Corey Robin 11.08.13 at 10:07 pm

“The company was shut down by the Nazis in 1944. It didn’t exist again until a family member started a new company with the same name in 1947 …”

Under the Nazis, the company was run by Heinrich Mohn. This was the company that made use of Jewish slave labor and that served as the printing house and ideological organ of the Nazi regime. Heinrich also was an active supporter of the SS, making donations to them and to groups of concentration camp guards. In 1944, the Nazis shut it down b/c of a paper shortage. After the war, Heinrich persuaded his 26 year old son Reinhard to take over the business, which he did when it relaunched in 1947 under his leadership.

The point of this post was not to rehearse the details of Bertelsmann’s past (though apparently that needs rehearsing.) It was to point out the irony of a Jewish publishing house being forced to flee the Nazis only to be consumed, years later, by the very company that had served as the ideological house organ of the Nazis.

17

Dingbat 11.08.13 at 10:08 pm

I’m not sure what is the story here–and I’m trying.

I’m a historian by training: continuity and change are… well, they are. That’s something that I use to understand the world.
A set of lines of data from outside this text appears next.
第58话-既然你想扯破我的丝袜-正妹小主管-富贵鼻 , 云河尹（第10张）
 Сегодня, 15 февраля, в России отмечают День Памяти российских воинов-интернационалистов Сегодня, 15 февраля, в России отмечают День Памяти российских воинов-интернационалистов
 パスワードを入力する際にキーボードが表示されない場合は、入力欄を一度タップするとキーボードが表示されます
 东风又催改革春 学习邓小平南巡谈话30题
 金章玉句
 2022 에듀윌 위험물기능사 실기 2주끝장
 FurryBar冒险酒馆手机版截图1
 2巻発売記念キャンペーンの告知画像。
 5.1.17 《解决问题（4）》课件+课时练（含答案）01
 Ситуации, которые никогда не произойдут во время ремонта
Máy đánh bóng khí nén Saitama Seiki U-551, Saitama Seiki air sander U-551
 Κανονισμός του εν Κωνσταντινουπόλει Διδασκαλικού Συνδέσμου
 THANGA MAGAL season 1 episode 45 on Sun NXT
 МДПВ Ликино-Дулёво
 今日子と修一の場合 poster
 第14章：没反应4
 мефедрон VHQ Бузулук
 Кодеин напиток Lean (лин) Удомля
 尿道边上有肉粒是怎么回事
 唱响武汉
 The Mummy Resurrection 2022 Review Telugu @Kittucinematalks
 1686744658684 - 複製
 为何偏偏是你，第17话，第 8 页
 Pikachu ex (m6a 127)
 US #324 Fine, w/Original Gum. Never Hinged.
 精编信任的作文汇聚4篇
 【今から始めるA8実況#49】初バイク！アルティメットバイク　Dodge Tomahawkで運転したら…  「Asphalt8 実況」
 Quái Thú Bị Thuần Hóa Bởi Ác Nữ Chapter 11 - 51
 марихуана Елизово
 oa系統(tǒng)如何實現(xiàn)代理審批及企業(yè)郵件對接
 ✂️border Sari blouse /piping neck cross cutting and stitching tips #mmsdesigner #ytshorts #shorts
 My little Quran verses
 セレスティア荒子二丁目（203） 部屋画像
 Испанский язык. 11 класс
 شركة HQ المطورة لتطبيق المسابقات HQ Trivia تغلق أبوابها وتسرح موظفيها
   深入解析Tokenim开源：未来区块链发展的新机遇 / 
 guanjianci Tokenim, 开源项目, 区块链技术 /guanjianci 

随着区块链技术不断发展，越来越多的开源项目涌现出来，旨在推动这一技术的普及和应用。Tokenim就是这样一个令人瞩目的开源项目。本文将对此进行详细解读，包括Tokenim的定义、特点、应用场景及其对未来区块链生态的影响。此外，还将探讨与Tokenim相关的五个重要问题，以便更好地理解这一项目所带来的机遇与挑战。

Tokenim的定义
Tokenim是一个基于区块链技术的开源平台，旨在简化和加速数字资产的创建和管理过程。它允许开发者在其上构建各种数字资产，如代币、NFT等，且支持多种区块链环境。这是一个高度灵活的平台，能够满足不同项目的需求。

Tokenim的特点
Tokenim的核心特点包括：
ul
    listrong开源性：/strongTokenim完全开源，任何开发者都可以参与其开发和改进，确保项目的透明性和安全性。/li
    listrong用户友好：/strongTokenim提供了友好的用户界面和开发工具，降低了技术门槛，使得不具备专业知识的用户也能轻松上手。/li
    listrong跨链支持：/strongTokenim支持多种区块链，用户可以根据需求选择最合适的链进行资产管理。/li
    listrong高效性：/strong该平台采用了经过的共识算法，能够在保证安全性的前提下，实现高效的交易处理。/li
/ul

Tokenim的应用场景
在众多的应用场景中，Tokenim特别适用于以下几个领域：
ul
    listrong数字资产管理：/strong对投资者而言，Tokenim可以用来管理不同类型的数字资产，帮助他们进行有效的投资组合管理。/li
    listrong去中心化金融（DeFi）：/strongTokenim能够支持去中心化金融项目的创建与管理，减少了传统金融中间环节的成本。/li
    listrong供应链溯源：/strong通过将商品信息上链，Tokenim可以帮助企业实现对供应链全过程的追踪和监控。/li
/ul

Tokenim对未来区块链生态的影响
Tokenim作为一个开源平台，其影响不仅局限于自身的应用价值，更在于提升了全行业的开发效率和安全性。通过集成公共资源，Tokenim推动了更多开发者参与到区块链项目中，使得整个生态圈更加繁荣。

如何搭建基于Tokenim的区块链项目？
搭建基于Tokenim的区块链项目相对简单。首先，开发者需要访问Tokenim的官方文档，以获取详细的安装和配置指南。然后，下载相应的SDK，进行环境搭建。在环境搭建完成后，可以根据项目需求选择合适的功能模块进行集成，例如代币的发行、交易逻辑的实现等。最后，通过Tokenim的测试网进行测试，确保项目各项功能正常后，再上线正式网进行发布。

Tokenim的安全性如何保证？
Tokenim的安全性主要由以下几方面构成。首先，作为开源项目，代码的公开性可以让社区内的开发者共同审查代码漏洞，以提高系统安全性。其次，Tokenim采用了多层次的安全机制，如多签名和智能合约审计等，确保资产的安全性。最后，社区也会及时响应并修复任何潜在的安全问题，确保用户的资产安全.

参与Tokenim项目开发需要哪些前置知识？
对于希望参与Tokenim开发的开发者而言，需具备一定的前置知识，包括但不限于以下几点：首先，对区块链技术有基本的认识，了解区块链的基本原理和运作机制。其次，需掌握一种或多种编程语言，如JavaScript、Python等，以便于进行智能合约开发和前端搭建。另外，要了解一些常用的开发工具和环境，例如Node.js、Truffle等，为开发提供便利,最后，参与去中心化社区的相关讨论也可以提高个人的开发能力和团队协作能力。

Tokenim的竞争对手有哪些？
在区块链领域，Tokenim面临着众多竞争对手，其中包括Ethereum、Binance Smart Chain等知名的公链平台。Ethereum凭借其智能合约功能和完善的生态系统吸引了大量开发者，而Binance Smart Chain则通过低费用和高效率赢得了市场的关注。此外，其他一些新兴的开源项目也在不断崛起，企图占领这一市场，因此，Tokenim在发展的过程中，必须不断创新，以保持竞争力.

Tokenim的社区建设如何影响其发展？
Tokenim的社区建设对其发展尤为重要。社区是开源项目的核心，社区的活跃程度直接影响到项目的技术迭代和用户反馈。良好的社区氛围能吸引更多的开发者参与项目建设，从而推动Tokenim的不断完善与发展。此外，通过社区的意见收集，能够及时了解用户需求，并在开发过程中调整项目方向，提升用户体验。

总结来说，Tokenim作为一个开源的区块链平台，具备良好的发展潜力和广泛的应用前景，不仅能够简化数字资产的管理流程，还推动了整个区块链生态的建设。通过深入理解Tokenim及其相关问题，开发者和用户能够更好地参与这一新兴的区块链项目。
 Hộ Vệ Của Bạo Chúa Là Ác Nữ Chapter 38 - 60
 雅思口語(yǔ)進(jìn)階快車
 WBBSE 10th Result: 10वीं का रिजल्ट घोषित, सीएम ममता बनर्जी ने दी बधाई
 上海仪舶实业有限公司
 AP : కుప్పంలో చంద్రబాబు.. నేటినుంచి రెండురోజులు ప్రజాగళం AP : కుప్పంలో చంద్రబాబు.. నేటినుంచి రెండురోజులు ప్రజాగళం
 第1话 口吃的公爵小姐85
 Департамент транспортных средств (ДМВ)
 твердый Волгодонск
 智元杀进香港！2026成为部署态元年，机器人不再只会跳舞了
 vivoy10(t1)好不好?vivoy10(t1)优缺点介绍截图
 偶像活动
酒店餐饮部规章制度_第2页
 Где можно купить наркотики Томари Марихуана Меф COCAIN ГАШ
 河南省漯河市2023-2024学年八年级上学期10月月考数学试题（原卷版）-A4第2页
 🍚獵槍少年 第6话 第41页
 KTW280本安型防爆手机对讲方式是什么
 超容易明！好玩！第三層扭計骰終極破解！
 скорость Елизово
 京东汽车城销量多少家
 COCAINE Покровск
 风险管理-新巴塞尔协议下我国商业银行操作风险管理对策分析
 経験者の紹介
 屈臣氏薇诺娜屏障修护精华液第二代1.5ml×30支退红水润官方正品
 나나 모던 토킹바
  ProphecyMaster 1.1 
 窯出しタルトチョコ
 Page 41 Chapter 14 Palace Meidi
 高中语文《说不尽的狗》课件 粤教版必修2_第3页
Can we add some air and fuel to the brief spark of light, though? I’ll put in a plug for an outfit (no affiliation other than a friend works there) that aims to confront the past and learn from it, working with children to reckon with the past. Check out Facing History and Ourselves.

Neville Morley’s comment #10 is sharp, “Repentance is all well and good; compensation tends to be lower down the list.” But given that this whole thing revolves around corporations outliving humans–would we have Bertelsmann compensating Schocken? The heirs of the Schocken family? Wha? The families of the Latvian Jews?

Truth and reconciliation may be the best we can do.

18

ZM 11.08.13 at 10:15 pm

“Truth and reconciliation may be the best we can do.”

In terms of converging global consumption etc (like the model of dealing with climate change would have it we need to do by sometime between 2040 and 2059) compensation is a good idea in my view.

19

mpowell 11.08.13 at 10:16 pm

There’s certainly irony there. I wouldn’t want to make any further claims though.

20

ZM 11.08.13 at 10:24 pm

I mean, sometime between 2040 and 2050, not 2059 sorry

21

novakant 11.08.13 at 11:17 pm

Actually Germany has been comparatively good at this compensation and reconciliation business – which is only right as it has caused terrible suffering as well. There is a certain irony to the US/UK lecturing others about these matters though.

22

Bloix 11.09.13 at 12:05 am

#16 – well, I’m glad that was your point. Because I was worried that you were making an elliptical argument that Jews = Israelis = Nazis.

23

Robert Halford 11.09.13 at 12:40 am

‘Repentence’ is all well and good; ‘compensation’ tends to be lower down the list. The vast majority of Germans and German politicians weren’t even alive then, let alone complicit, and yet the majority continue to be willing to accept a burden of guilt from the actions of their ancestors; glib assertions that all Germans are Nazis are thus basically obnoxious. The companies were, in a meaningful sense, both alive at the time and complicit.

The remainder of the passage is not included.